Role of social dynamics during the development of a communication system
Human languages often change when two or more groups which share a common language but differ in other aspects of their social identity interact with one another. For example, when a group of people wishes to express a difference in social stance with respect to the larger community to which the group belongs, the group tends to adopt a peculiar way of articulating the language they share with the community, so to clearly identify themselves (Labov, 1972). Can we learn something about the social dynamics which govern language change by studying them in the laboratory? To answer this question, Roberts asked people to use newly learned artificial languages in order to negotiate a series of transactions in a group version of a semiotic matching game (Roberts, 2008, 2010). He then observed how the languages used by the players changed depending on two social factors: frequency of interaction (how often people played with a given partner) and competition (whether or not there were competing teams in the game). The main result of the study was that, with frequent interactions, players became able to identify one another on the bases of subtle linguistic cues. However, this led to linguistic divergence among players only in the competitive condition. Considering that the game lasted only a few tens of minutes, this study suggests that, when human interactions are both conflictive and frequent, linguistic divergence can occur at a very fast pace.
The emergence of communication
One of the opportunities offered by ES is that of observing the very emergence of communication, that is, how people bootstrap a communication system without the aid of a previous one.
Semiotic coordination games are particularly suited for studying the emergence of communication as in these games people face the most severe semiotic challenge. Indeed, studies performed with semiotic coordination games have identified a few key elements for the successful bootstrapping of communication (Galantucci, 2005; Scott-Phillips et al., 2009; De Ruiter et al., 2010). At the same time, people engaged in semiotic coordination games sometimes fail at developing even a minimal communication system, providing further insights into the recipe for establishing successful communication systems (Galantucci and Steels, 2008; Galantucci, 2009). In this section we present the main findings of these studies. As it will become apparent in a moment, some of these findings originate from experimental manipulations whereas others are qualitative observations. We included the latter in this review because very little is known about the early stages of emerging communication systems in humans and, at this juncture, qualitative observations can provide useful insights for future systematic scientific inquires.
Insights from successes
Galantucci (2005) provided a qualitative analysis of the process that lead players in a semiotic coordination game to bootstrap communication. Two main processes were identified: learning by observing/using, and naming procedures. The former process referrers to the fact that, through repeated iterations of the game, some players in the study begin to identify contingencies between the partner's location (or moves) in the game and the signing activity produced by the partner (learning by observing). Once such contingencies were identified, players often investigated the exact meaning of their partner's signing activity by using the same signing activity themselves and monitoring how the partner reacted to that (learning by using). When used simultaneously by two adaptive players, these complementary learning processes provide a powerful mechanism to bootstrap a communication system. This mechanism is similar to the mechanism of interactive input–output alignment described by Garrod and colleagues in the context of conversations using natural language (Garrod and Anderson, 1987; Garrod and Pickering, 2004). In other words, the bootstrapping of communication might rely on a mechanism that is not different in kind from the mechanism that facilitates convergence on the fine details of how to use pre-established forms of communication. A different type of process to bootstrap communication – naming procedures – relied more directly on explicit negotiations. These negotiations, which consisted of communicative behaviors not oriented toward the immediate goal of coordinating moves in the game but rather toward the goal of future mutual understanding, will be described in Section “Insights from Failures.”

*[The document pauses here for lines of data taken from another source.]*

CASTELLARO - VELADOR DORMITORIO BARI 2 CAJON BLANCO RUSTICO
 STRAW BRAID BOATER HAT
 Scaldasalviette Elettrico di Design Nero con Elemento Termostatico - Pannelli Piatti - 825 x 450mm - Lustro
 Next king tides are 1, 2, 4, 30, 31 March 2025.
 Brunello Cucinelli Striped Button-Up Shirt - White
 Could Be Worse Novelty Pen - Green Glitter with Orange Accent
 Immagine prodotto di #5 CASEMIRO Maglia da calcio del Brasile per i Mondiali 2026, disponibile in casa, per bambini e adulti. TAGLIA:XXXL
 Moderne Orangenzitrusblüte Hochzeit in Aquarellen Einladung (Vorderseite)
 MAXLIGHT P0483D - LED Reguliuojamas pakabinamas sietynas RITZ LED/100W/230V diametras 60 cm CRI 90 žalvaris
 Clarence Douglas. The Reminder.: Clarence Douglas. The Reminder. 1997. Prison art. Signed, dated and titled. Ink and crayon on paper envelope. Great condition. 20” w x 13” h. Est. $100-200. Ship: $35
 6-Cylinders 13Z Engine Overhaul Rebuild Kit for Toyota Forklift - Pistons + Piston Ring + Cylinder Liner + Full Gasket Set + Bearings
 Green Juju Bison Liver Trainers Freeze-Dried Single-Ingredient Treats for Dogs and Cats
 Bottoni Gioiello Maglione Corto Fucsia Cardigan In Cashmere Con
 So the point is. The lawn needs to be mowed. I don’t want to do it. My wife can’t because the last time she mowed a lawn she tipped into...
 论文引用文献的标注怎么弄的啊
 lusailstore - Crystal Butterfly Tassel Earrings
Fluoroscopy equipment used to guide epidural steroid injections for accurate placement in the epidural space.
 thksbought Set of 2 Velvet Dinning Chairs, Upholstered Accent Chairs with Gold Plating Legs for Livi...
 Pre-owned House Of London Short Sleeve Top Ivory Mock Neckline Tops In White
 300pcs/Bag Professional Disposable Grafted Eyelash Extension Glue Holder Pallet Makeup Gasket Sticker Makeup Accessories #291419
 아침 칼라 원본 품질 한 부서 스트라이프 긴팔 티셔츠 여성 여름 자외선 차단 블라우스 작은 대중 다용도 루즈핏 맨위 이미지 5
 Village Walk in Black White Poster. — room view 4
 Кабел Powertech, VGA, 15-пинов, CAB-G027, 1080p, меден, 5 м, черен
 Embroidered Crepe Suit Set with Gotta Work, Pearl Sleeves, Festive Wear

Another insight into the emergence of communication provided by the study performed by Galantucci (2005) was that, in order to achieve coordination, people did not depend exclusively on the use of communicative signs, even when all the needed signs were available. Galantucci observed that, when the circumstances of his game allowed it, coordination was achieved by integrating the information provided by publicly broadcasted signs with other kinds of task-relevant information. For example, when the game environment comprised only three possible longitudes and players discovered through the use of signs that their agents were at the same latitude, they rarely used further signs to coordinate their moves. Since their goal was that of bringing the agents in the same game location, they simply moved toward the central longitude (If an agent was already in the central location, the player would not move it.). In other words, the behavior of the players reflected the efficient integration of (a) information contained in the signs (obtained through the communication medium and explicitly shared by the players), (b) information about the current location of the controlled agent (obtained privately and not shared by the players), and (c) information about the environment layout (obtained privately and implicitly shared by the players). Such efficient integration is typical of natural language use (Tanenhaus et al., 1995; Goodwin, 2000; Clark, 2005).
Using a different procedure, Scott-Phillips et al. (2009) focused on a very basic question concerning the emergence of communication: how do actions assume a communicative value? They addressed this question using a coordination semiotic game in which players had to move agents in a game environment to achieve coordination but had no other means to communicate than the very moves their agents made in the game. This forced them to find ways to signal that some of the moves that their agents made did not have the intent of bringing the agents to a specific point of the game environment but rather that of communicating something to the partner. In other words, players had to find ways to “signal signalhood.” The challenge proved substantial and five out of 12 pairs failed at the task. The process that led the remaining pairs to succeed was typically composed of two steps. The firsts step was to establish a salient default coordination procedure, which consisted in a shared decision bias for the “right” move to be made (cf. Schelling, 1960). The second step occurred when the default coordination procedure was not viable. This was typically signaled by making a series of moves which would have been unnecessarily complex had the default coordination procedure been available. The unexpectedness of these moves prompted the partner to recognize a communicative intent and, over time, these moves came to signify new coordination procedures, enriching the communicative repertoire of the pairs. Scott-Phillips and colleagues demonstrated the fundamental importance of the first step via a simple manipulation. When default coordination procedures were made more difficult to establish, failures in the game occurred about twice as frequently.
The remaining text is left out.